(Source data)

▼

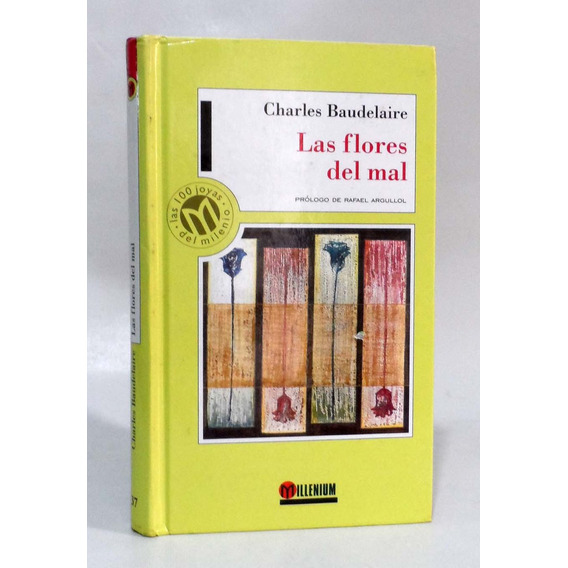 La Flores Del Mal Charles Baudelaire Poesia Literatura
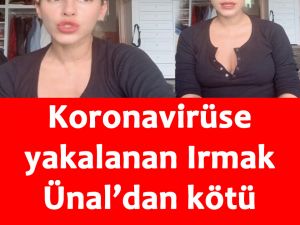 Koronavirüs olan Irmak Ünal'dan kötü haber geldi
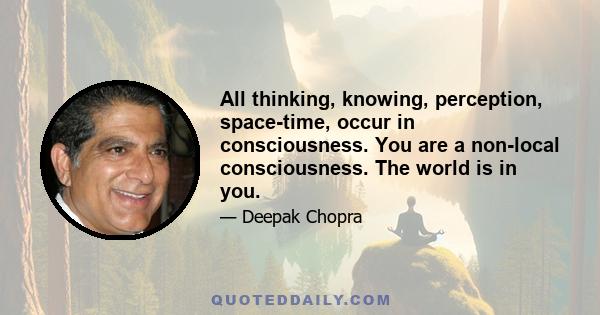 All thinking, knowing, perception, space-time, occur in consciousness. You are a non-local consciousness. The world is in you.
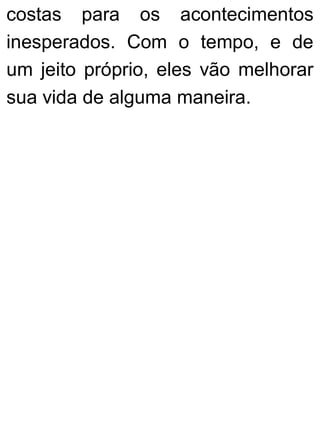 costas para os acontecimentos
inesperados. Com o tempo, e de
um jeito próprio, eles vão melhorar
sua vida de alguma maneira.
 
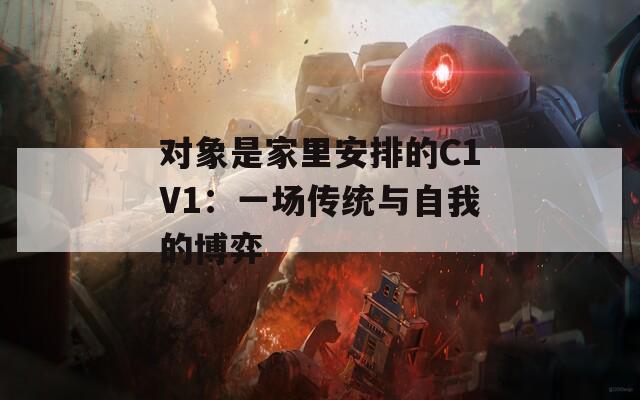 对象是家里安排的C1V1：一场传统与自我的博弈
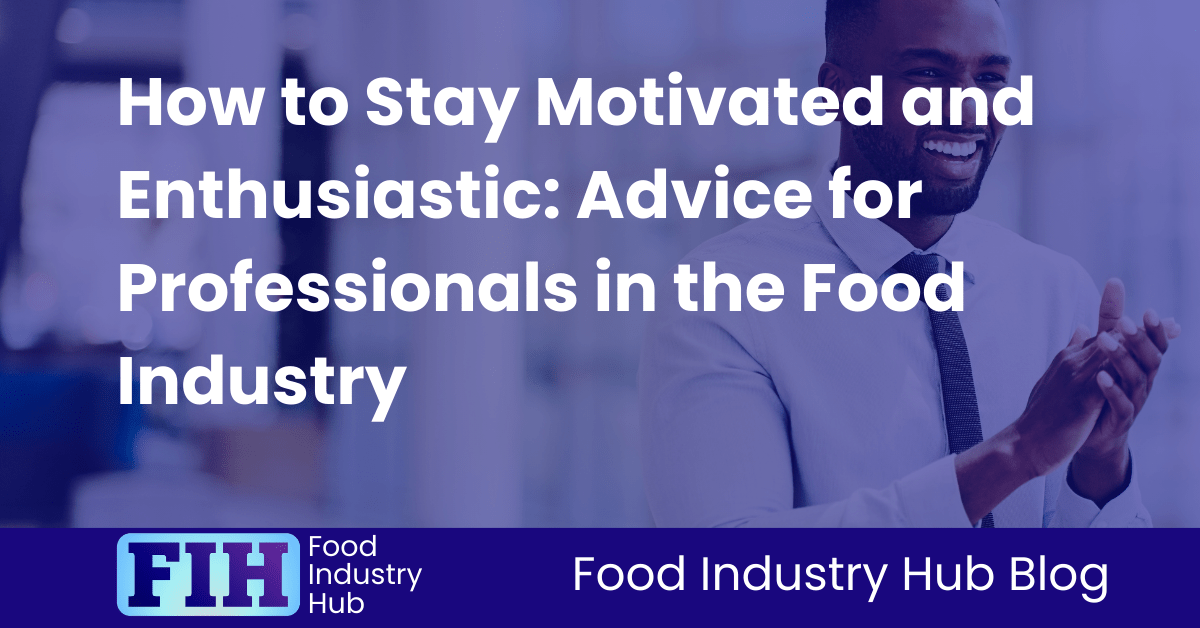 How to Stay Motivated and Enthusiastic Advice for Professionals in the Food Industry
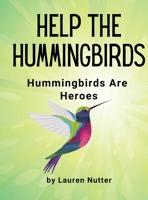 Help the Hummingbirds: Hummingbirds are Heroes 1678188387 Book Cover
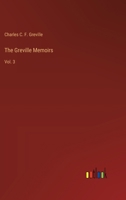 The Greville Memoirs: Vol. 3 338522568X Book Cover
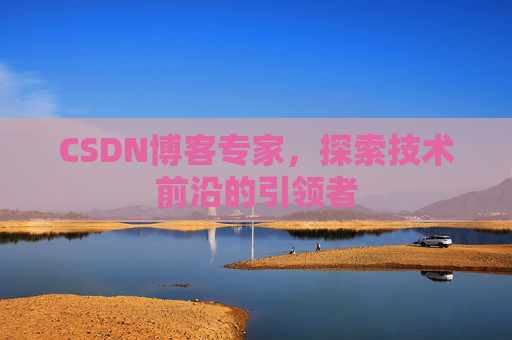 CSDN博客专家，探索技术前沿的引领者
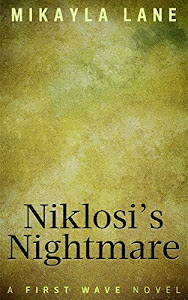 Niklosi's Nightmare (First Wave Book 10) (English Edition)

▲

**Description of the task**
Copy the records exactly. Skip any pictures.

**Response area**
 La Flores Del Mal Charles Baudelaire Poesia Literatura
 Koronavirüs olan Irmak Ünal'dan kötü haber geldi
 All thinking, knowing, perception, space-time, occur in consciousness. You are a non-local consciousness. The world is in you.
 costas para os acontecimentos
inesperados. Com o tempo, e de
um jeito próprio, eles vão melhorar
sua vida de alguma maneira.
 
 对象是家里安排的C1V1：一场传统与自我的博弈
 How to Stay Motivated and Enthusiastic Advice for Professionals in the Food Industry
 Help the Hummingbirds: Hummingbirds are Heroes 1678188387 Book Cover
 The Greville Memoirs: Vol. 3 338522568X Book Cover
 CSDN博客专家，探索技术前沿的引领者
 Niklosi's Nightmare (First Wave Book 10) (English Edition)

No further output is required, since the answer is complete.